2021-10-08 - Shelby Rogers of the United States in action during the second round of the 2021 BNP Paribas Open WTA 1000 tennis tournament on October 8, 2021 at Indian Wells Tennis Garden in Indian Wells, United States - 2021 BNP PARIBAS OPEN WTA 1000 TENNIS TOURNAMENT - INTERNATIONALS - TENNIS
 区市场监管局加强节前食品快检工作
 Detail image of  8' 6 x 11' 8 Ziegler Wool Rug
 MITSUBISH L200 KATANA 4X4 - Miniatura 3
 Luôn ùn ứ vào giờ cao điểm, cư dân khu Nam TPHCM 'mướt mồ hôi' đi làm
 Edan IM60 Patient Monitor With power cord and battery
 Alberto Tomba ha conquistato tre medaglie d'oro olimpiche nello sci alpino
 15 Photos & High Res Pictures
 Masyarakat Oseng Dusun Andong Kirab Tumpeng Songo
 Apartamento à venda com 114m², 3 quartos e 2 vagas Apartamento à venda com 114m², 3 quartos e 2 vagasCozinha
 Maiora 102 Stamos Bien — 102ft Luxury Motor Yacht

* Work instruction *
Of all the entries above, output exactly the lines between the one holding "Detail image of" and the one holding "Masyarakat Oseng Dusun", inclusive.

* Result of the exercise *
 Detail image of  8' 6 x 11' 8 Ziegler Wool Rug
 MITSUBISH L200 KATANA 4X4 - Miniatura 3
 Luôn ùn ứ vào giờ cao điểm, cư dân khu Nam TPHCM 'mướt mồ hôi' đi làm
 Edan IM60 Patient Monitor With power cord and battery
 Alberto Tomba ha conquistato tre medaglie d'oro olimpiche nello sci alpino
 15 Photos & High Res Pictures
 Masyarakat Oseng Dusun Andong Kirab Tumpeng Songo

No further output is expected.